> [Available records]:
----

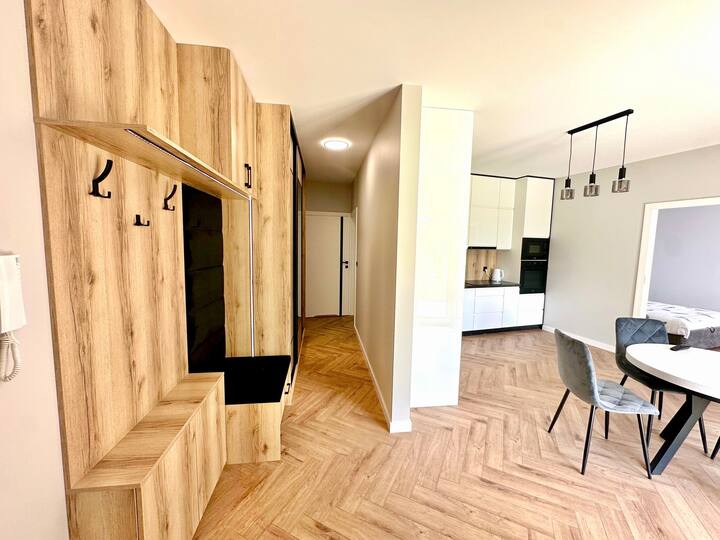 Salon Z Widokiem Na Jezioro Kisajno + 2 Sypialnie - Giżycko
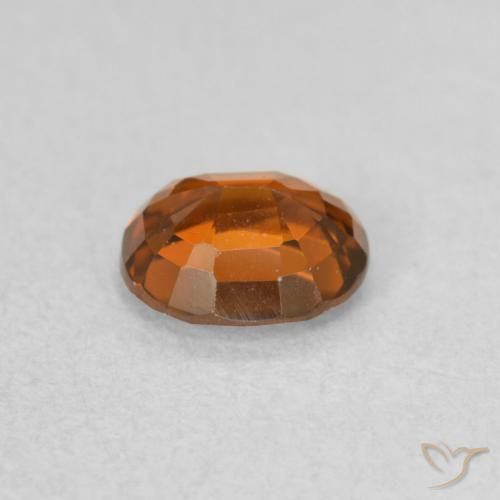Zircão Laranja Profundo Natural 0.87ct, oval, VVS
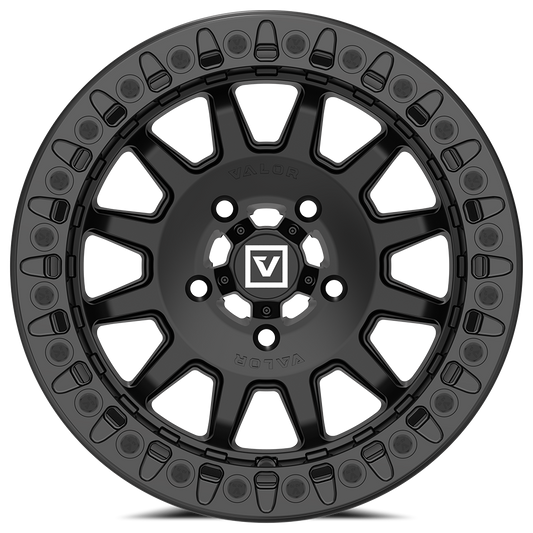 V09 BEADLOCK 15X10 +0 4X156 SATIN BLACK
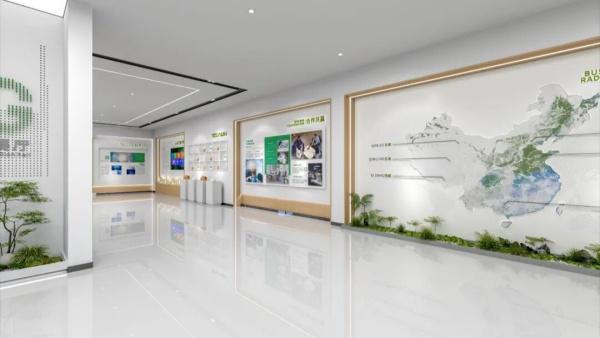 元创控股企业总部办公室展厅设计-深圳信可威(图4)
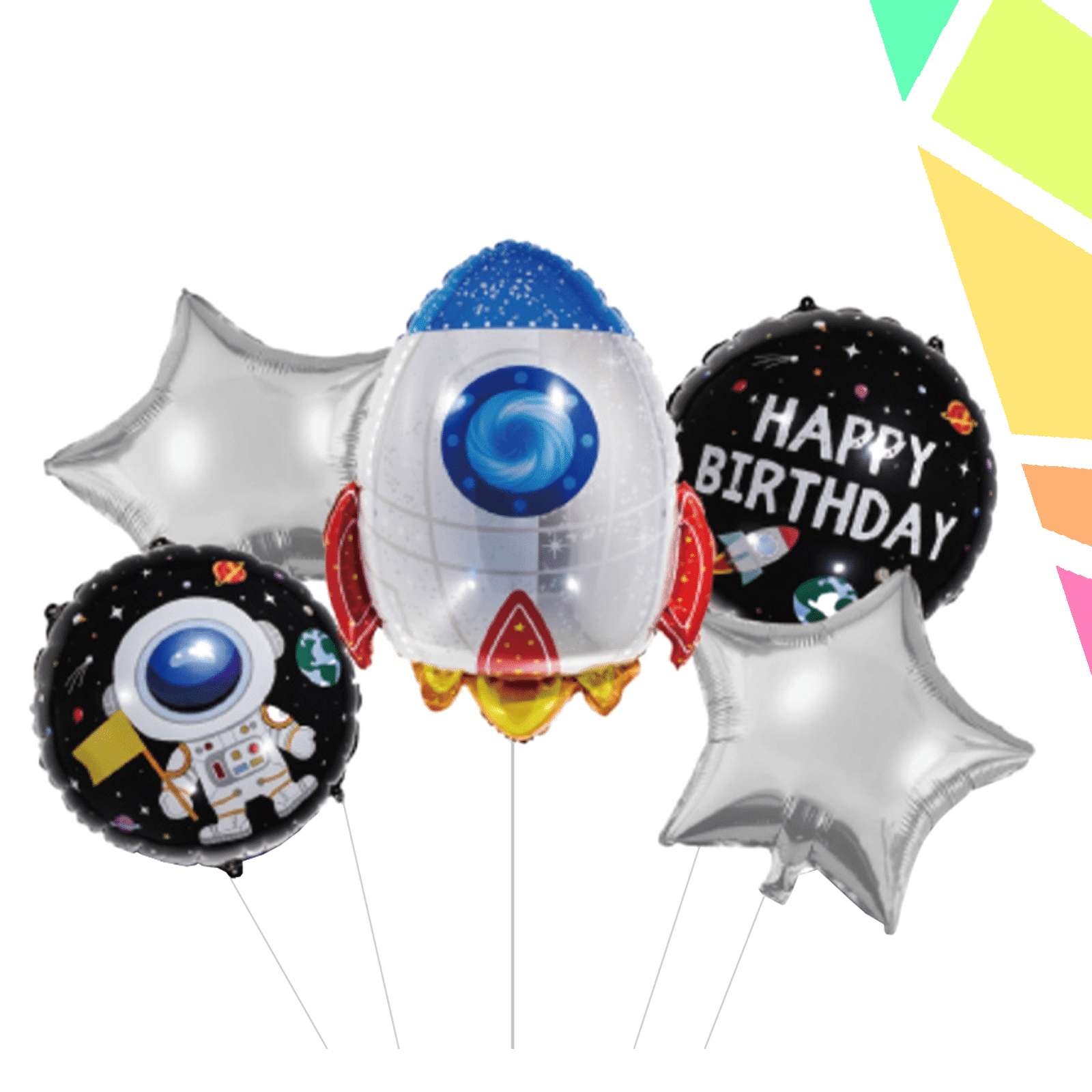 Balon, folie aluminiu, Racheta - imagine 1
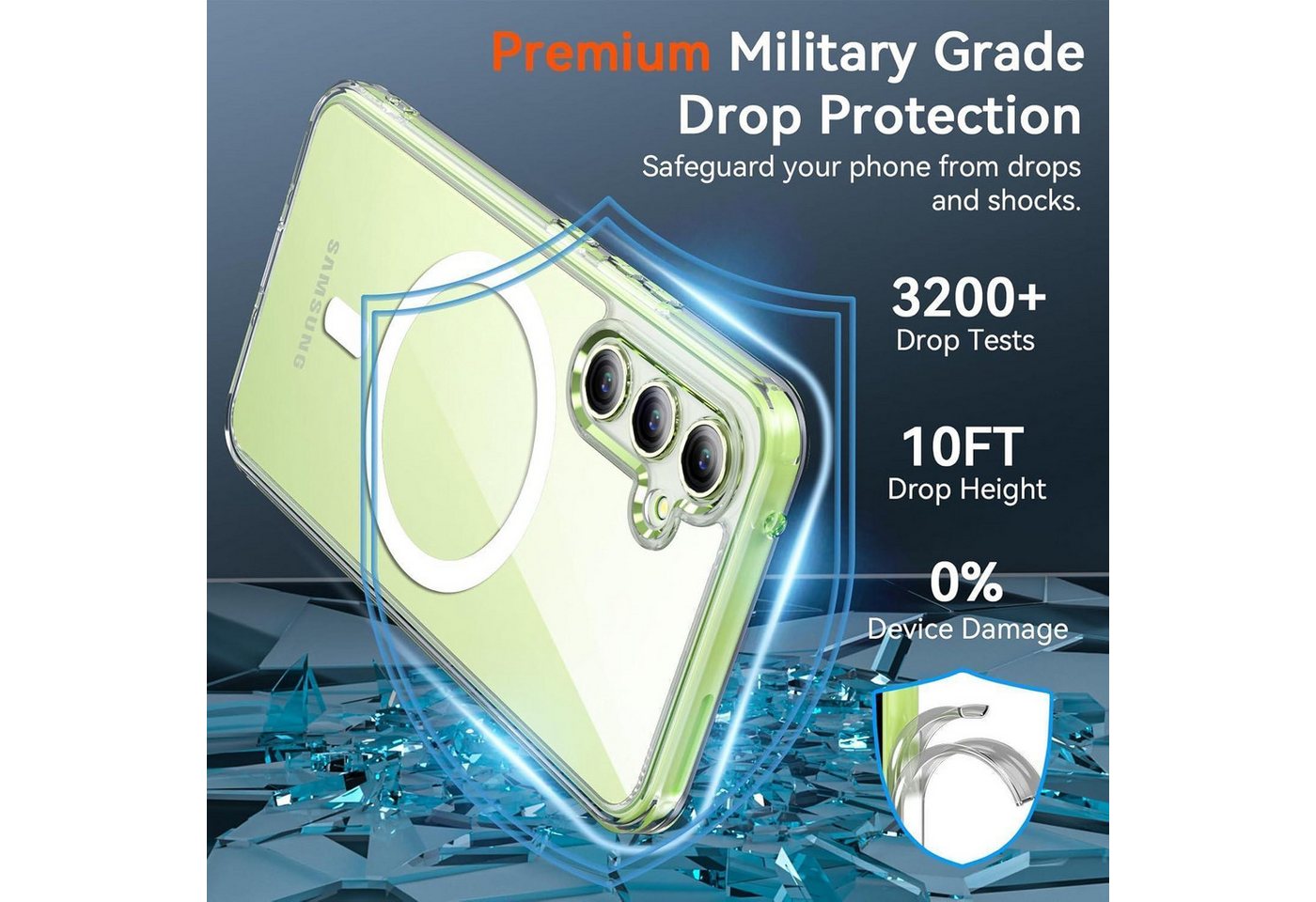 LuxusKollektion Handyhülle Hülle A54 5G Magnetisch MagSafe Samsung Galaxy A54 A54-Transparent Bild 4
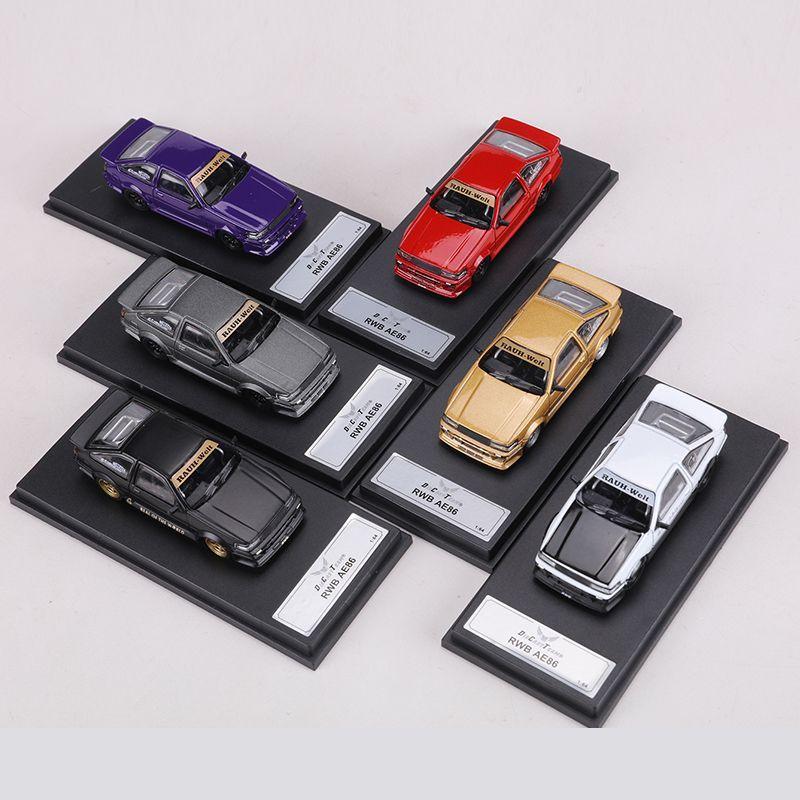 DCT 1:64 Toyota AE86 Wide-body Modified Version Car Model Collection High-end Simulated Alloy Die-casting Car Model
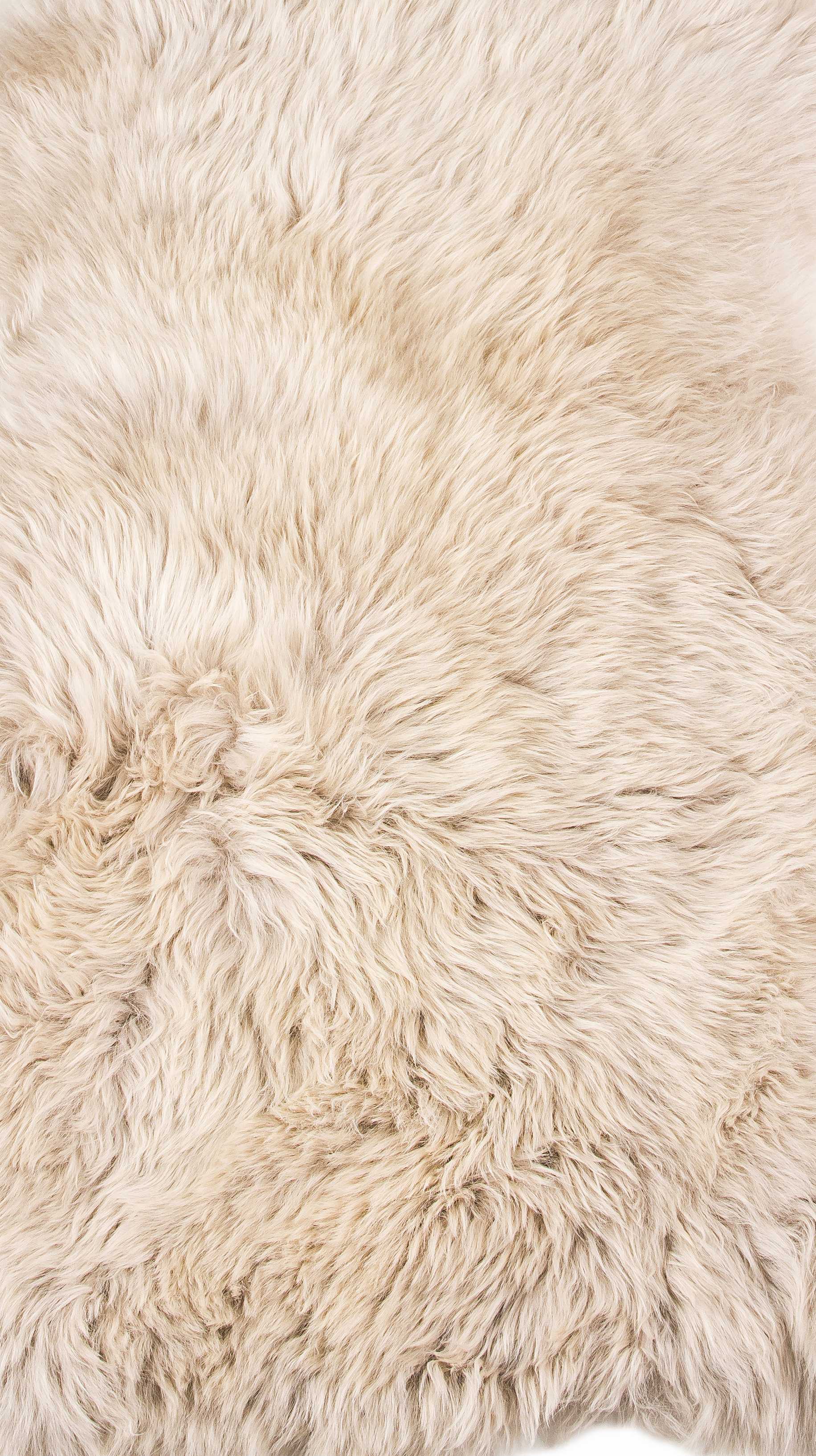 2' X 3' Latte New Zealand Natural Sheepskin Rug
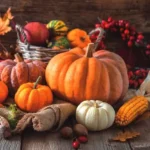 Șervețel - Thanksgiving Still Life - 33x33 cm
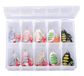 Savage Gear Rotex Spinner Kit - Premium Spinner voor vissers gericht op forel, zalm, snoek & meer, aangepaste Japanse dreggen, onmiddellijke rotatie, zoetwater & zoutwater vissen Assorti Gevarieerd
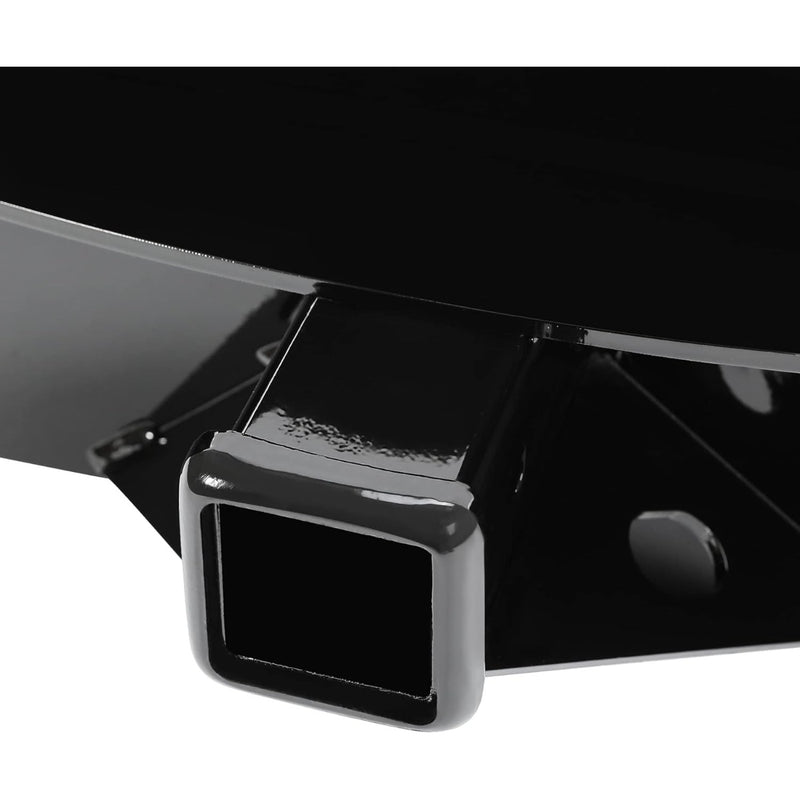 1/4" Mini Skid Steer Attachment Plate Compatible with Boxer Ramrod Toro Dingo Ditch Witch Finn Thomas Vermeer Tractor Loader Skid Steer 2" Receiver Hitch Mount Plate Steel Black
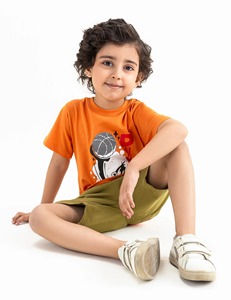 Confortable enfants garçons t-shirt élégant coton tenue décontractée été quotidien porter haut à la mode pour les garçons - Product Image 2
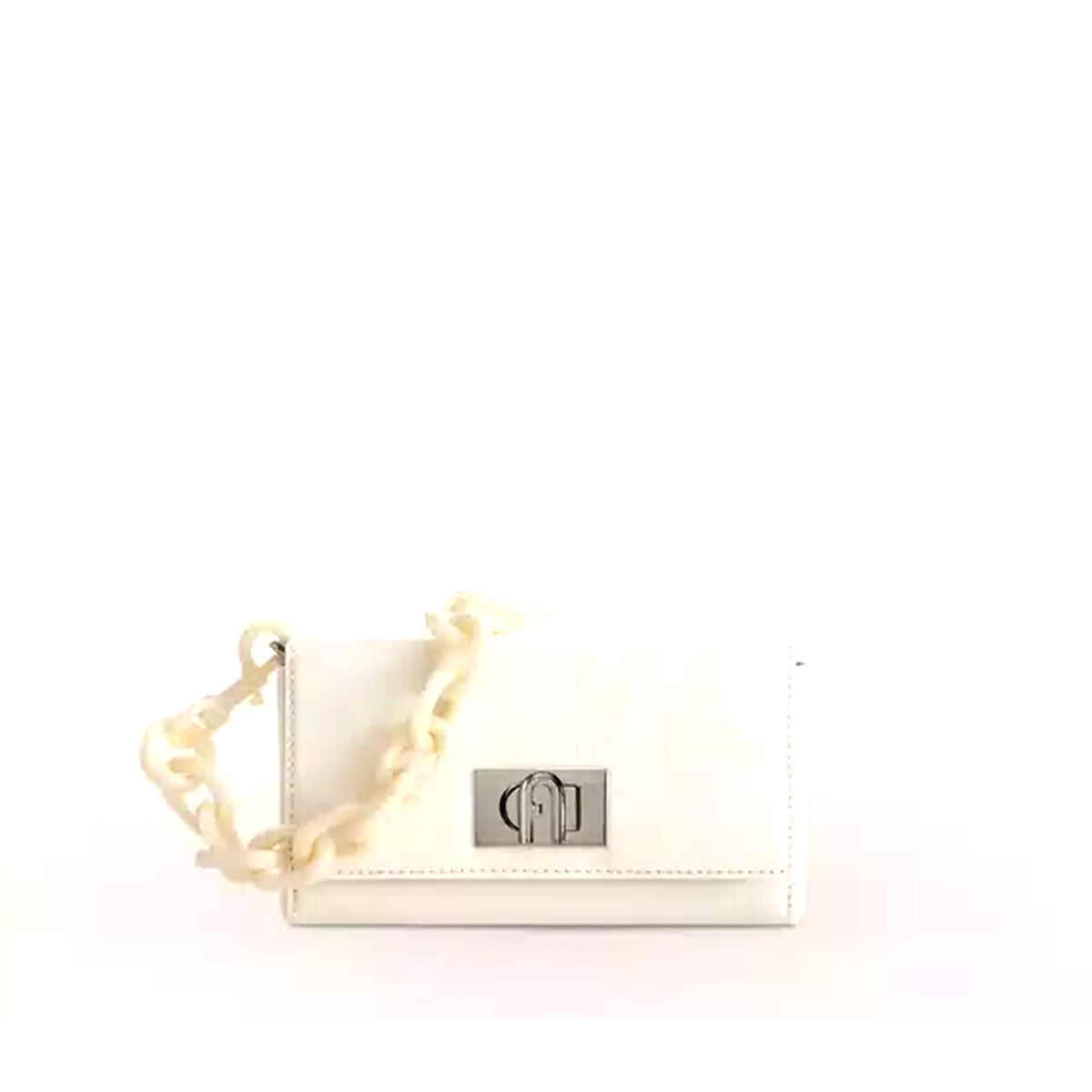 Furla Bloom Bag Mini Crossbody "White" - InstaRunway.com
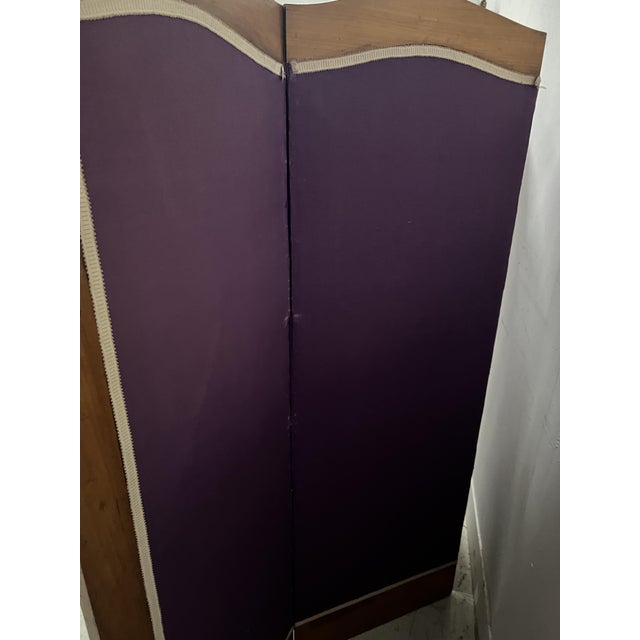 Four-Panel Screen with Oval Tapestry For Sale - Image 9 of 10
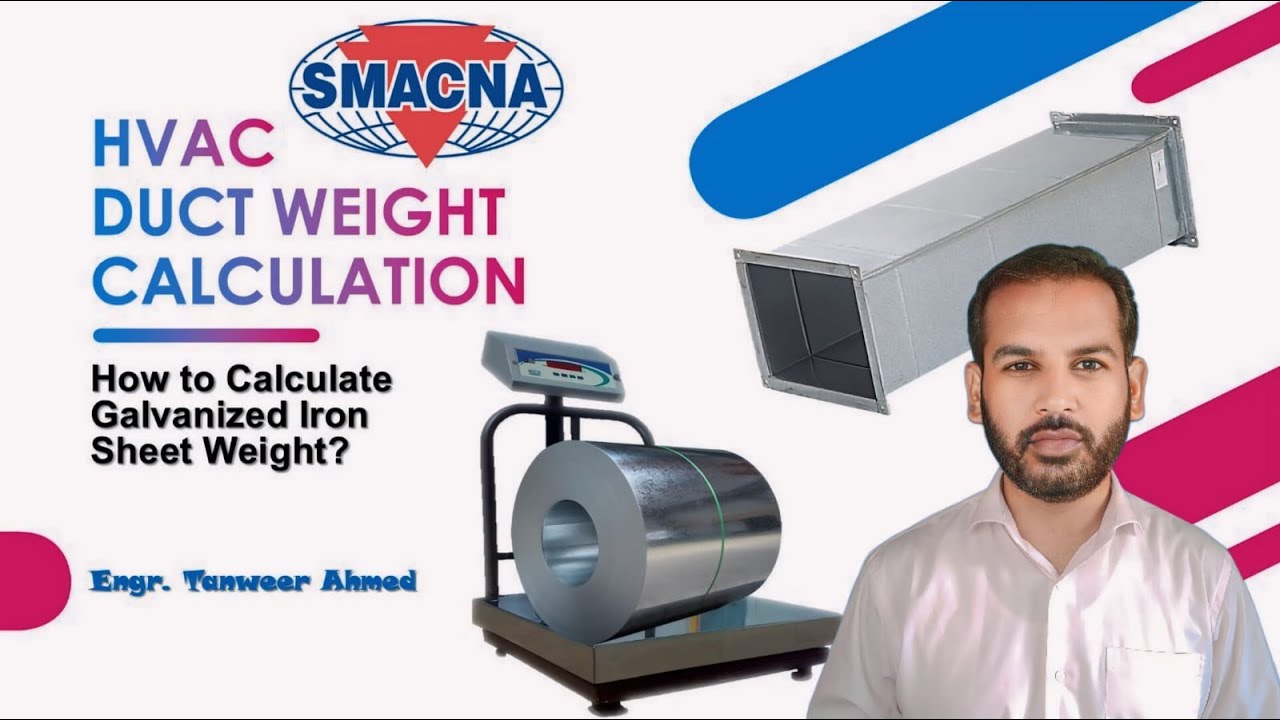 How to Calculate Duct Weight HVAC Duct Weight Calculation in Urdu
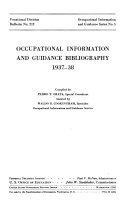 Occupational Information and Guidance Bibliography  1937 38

----

> [Task prompt]: Put down exactly the lines of the data above that run from its first line through the line bearing "Balon, folie aluminiu, Racheta - imagine 1", and no pictures.

> [Response to the task]:
 Salon Z Widokiem Na Jezioro Kisajno + 2 Sypialnie - Giżycko
Zircão Laranja Profundo Natural 0.87ct, oval, VVS
 V09 BEADLOCK 15X10 +0 4X156 SATIN BLACK
 元创控股企业总部办公室展厅设计-深圳信可威(图4)
 Balon, folie aluminiu, Racheta - imagine 1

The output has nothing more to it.